No job losses
New truck will streamline garbage collection practices in Bay Roberts
Officials with the Town of Bay Roberts are offering assurances that proposed enhancements to the collection of residential garbage will not result in job losses.
The town has budgetted some $260,000 in its 2011 operating budget for the purchase of a new garbage truck, and is expected to call tenders in the coming weeks. The new truck is expected to arrive later this year.
The town’s public works committee is preparing the specifications for the truck, though it’s likely it will feature two compartments, one for waste and another for recyclying, and will have the option of being operated by one person.
The two trucks currently in the fleet — a 1995 International with a 20 cubic yard rear-load compactor, and a 2004 Sterling with a 32 cubic yard rear-load compactor — are each operated by three staff. The town also uses several pickups at times to collect from some smaller lanes.
The obvious question is how will staffing levels be affected if the town decides to use a one-operator system?
Nigel Black, chief administrative officer for Bay Roberts, said there will be no job losses, and it’s more likely the town will opt for a two-person system on the new truck.
“Although the truck is capable of operating in that manner, we believe a single operator situation is best suited to an urban community and based on the mix in Bay Roberts we do not feel that a single operator operation is currently possible in Bay Roberts,” Black wrote in a statement to The Compass. “Our intent is to move to a new truck that will be a two-person operation.”
Black added: “If we move to a two person operation, we anticipate that the other person would be tasked with other duties within the sanitation function that would enhance the level of service provided. This could include pick-up in small lanes, the potential addition of composting and chipping operations or the addition of other public works duties.”
The employees are represented by Teamsters Local 855 of the Transport and Allied Workers’ Union.
Weekly garbage collection can take from three to five days in Bay Roberts, depending on the circumstances, Black explained. The new side-loading trucks are said to be much more efficient, and could reduce the collection process by a day, which would free up staff for other duties.

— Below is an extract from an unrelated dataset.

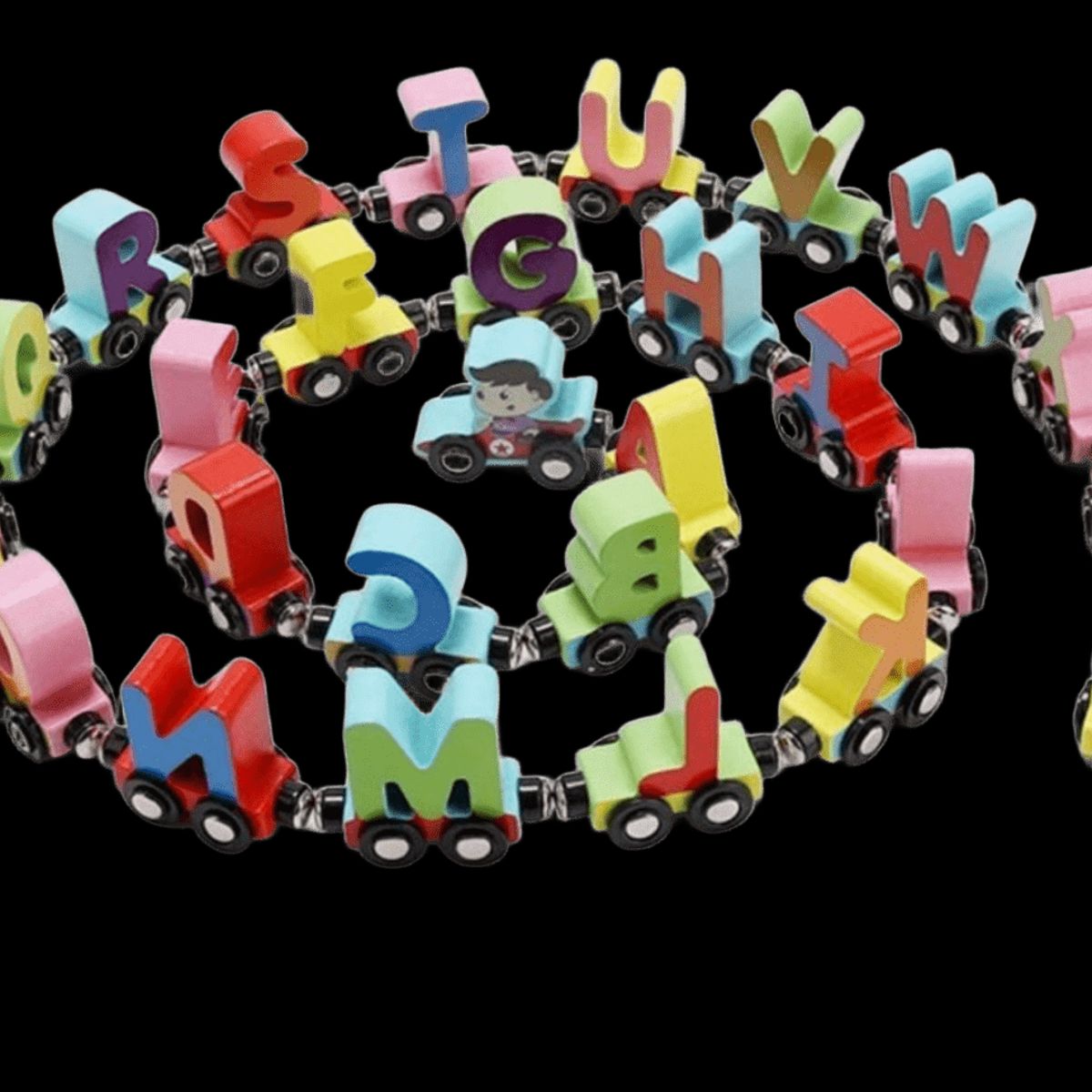 GENERICO - Tren Magnético de Madera con Letras del Abecedario A-Z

Meanwhile, the town does not have a curbside recycling program, but it’s generally felt that one will be implemented in the coming years. By having a recycling compartment — which some say will add an additional $60,000 to the price — added to the truck, the town will be better prepared to expand its waste management service. In the meantime, the recycling compartment could be used to collect waste destined for the Robin Hood Bay regional landfill in St. John’s.
Sanitation costs are expected to increase by about $40,000 this year in Bay Roberts, with tipping fees at Robin Hood Bay rising to more than $65 per tonne in April. The town budgetted just under $380,000 for sanitation costs in 2010. In other council news: • Council has agreed to purchase 100 backyard composting bins, and will sell them at roughly $22 each. The intent is to reduce the amount of waste being collected each week, and save money on tipping fees at the landfill in St. John’s.
Mayor Glenn Littlejohn also called on residents to make a greater effort to reduce the amount of waste they bring to the curb each week.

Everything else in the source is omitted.